**TASK BRIEF**:
Copy out each line of the entries where the word "Leather" is present.

**INFORMATION PROVIDED**:
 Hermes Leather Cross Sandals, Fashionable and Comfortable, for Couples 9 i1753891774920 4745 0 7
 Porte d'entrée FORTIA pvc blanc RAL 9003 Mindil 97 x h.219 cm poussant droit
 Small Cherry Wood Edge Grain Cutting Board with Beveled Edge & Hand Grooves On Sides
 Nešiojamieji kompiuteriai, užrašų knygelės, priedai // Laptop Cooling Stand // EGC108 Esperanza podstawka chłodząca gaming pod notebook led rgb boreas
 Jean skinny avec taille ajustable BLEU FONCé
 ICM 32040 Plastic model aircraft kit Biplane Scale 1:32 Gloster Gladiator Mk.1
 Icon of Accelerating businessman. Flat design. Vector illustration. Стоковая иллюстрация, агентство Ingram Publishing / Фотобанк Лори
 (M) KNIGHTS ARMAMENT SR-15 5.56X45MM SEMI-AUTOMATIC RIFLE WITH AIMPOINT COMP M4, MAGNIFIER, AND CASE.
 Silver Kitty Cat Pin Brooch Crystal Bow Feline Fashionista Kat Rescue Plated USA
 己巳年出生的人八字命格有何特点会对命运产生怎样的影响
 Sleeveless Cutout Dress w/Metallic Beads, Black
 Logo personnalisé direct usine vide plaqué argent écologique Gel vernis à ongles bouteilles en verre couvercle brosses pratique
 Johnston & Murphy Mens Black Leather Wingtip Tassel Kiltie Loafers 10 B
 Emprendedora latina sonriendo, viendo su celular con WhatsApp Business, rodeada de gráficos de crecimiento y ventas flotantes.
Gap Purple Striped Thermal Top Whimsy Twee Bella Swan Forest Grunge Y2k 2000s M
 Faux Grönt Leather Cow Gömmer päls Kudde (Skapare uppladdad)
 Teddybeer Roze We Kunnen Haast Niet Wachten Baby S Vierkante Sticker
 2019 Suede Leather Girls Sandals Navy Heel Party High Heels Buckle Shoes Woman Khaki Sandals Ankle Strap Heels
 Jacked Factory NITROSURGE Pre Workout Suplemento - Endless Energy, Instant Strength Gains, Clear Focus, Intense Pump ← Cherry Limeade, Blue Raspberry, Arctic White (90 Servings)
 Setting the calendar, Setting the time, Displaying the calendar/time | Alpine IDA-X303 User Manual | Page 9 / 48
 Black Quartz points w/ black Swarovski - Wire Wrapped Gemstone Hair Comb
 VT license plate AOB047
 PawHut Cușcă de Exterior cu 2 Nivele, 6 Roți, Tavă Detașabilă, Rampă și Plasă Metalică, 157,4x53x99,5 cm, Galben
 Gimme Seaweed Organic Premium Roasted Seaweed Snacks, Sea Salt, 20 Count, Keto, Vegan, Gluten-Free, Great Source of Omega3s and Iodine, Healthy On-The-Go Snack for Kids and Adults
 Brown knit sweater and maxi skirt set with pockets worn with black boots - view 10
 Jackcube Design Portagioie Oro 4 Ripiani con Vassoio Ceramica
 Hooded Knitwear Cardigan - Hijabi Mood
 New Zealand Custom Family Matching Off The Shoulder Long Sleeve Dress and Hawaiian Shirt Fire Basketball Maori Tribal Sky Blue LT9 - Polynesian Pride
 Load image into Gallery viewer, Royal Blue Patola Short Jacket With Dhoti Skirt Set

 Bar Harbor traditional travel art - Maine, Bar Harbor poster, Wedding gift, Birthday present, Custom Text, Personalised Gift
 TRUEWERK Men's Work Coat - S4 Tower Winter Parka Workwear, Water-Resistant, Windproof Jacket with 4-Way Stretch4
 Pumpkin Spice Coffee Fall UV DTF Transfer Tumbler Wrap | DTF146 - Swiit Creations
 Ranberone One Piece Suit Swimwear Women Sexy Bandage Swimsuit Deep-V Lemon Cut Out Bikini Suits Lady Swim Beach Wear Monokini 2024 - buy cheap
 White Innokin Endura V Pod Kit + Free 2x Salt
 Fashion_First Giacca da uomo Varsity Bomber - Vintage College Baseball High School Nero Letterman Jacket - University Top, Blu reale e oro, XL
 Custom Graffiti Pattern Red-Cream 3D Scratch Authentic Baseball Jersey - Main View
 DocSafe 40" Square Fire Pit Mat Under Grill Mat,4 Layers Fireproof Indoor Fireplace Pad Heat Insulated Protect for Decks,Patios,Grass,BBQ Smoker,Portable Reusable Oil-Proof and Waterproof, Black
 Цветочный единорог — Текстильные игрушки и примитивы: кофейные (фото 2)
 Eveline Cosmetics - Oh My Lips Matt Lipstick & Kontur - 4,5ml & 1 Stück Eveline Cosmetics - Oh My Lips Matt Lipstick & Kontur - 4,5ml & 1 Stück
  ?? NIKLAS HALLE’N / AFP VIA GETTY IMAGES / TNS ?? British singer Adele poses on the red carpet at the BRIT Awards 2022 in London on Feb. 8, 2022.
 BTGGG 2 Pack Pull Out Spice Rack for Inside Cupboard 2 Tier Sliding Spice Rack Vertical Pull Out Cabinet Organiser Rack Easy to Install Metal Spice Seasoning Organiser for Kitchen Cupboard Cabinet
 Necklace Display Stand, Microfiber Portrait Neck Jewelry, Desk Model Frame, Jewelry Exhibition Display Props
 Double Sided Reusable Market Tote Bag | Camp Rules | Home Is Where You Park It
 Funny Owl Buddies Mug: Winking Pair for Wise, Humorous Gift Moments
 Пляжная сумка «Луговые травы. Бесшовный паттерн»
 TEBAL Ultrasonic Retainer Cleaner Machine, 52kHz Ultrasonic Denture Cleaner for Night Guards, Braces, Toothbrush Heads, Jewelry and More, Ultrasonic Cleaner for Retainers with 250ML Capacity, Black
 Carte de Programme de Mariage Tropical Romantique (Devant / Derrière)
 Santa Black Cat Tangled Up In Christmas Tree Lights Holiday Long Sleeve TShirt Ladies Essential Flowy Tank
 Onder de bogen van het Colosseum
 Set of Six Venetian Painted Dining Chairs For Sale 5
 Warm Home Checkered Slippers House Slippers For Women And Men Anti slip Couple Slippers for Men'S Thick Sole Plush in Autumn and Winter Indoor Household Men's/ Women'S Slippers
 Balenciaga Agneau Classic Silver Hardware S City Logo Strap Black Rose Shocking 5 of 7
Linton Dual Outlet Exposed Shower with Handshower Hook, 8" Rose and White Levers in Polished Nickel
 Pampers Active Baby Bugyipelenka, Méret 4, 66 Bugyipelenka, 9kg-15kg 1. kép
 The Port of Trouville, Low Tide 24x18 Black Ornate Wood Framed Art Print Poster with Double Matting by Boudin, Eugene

**EXERCISE ANSWER**:
 Hermes Leather Cross Sandals, Fashionable and Comfortable, for Couples 9 i1753891774920 4745 0 7
 Johnston & Murphy Mens Black Leather Wingtip Tassel Kiltie Loafers 10 B
 Faux Grönt Leather Cow Gömmer päls Kudde (Skapare uppladdad)
 2019 Suede Leather Girls Sandals Navy Heel Party High Heels Buckle Shoes Woman Khaki Sandals Ankle Strap Heels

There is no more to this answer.